Supplied records Start Marker

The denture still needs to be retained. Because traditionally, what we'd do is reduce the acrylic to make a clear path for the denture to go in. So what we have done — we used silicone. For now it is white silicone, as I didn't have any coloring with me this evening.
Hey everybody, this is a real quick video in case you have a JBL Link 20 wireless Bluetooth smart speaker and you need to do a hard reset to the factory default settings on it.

Supplied records End Marker
Supplied records Start Marker

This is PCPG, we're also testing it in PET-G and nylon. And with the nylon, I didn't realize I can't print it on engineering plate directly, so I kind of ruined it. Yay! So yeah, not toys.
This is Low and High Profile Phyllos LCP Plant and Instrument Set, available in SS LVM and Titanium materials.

Supplied records End Marker

_Task details_
Look for the string "have" in the entries above. Copy every line that has it.

_Task answer_
The denture still needs to be retained. Because traditionally, what we'd do is reduce the acrylic to make a clear path for the denture to go in. So what we have done — we used silicone. For now it is white silicone, as I didn't have any coloring with me this evening.
Hey everybody, this is a real quick video in case you have a JBL Link 20 wireless Bluetooth smart speaker and you need to do a hard reset to the factory default settings on it.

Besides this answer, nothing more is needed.